→ **EXERCISE OBJECTIVE**: Could you repeat the listing exactly, leaving out the pictures?

→ **SUPPLIED MATERIAL**:

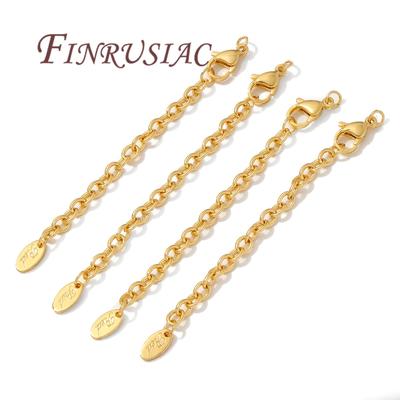 18K Gold Plated Extension Chain,Lobster Clasps with Extender Chain Connector,DIY Bracelets Accessories,Jewelry Making Supplies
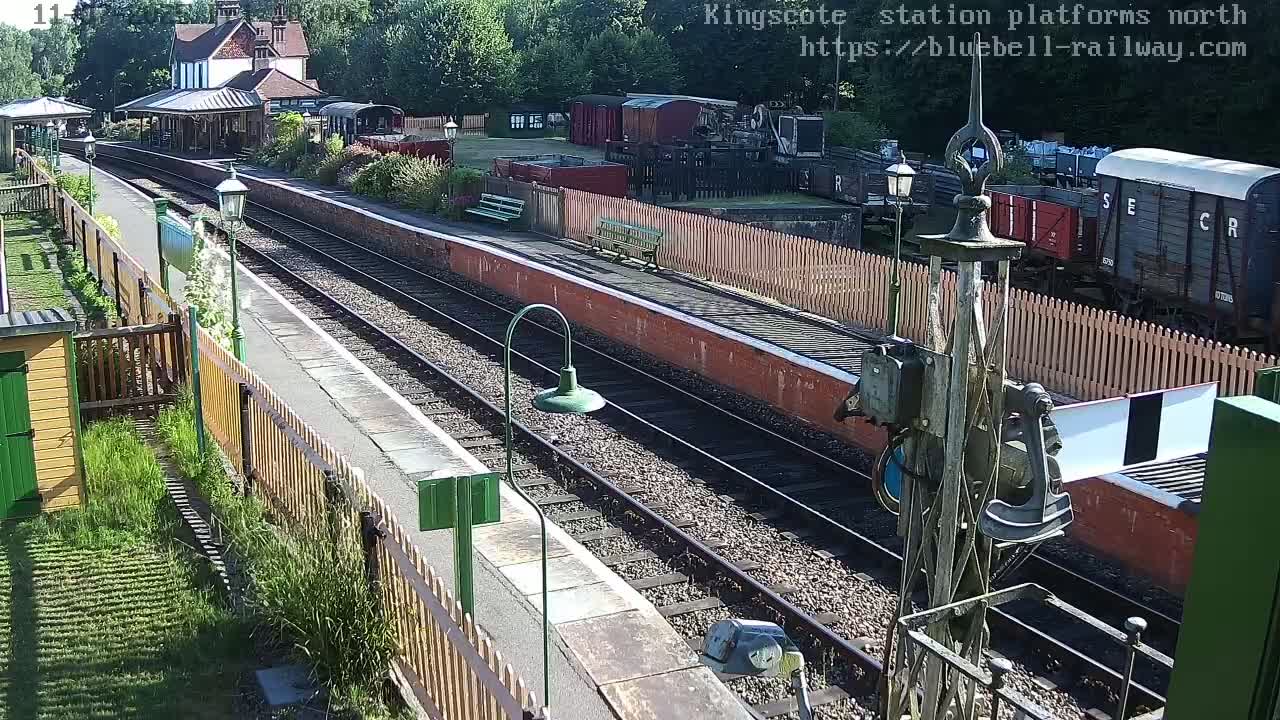 Kingscote Station , Bluebell Railway (Platforms North) Live Cam - East Grinstead, Mid Sussex, West Sussex, South East, England, United Kingdom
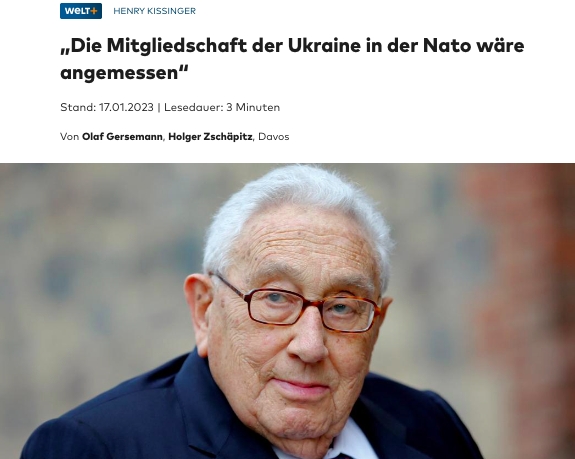 Kissinger: Helyénvaló volna, ha Ukrajnát bevennék a NATO-ba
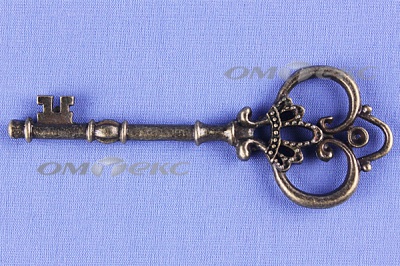 Декоративный элемент для творчества из металла "Ключ"8,5 см  - купить в Оренбурге. Цена: 26.66 руб.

→ **RESPONSE TO THIS TASK**:
 18K Gold Plated Extension Chain,Lobster Clasps with Extender Chain Connector,DIY Bracelets Accessories,Jewelry Making Supplies
 Kingscote Station , Bluebell Railway (Platforms North) Live Cam - East Grinstead, Mid Sussex, West Sussex, South East, England, United Kingdom
 Kissinger: Helyénvaló volna, ha Ukrajnát bevennék a NATO-ba
 Декоративный элемент для творчества из металла "Ключ"8,5 см  - купить в Оренбурге. Цена: 26.66 руб.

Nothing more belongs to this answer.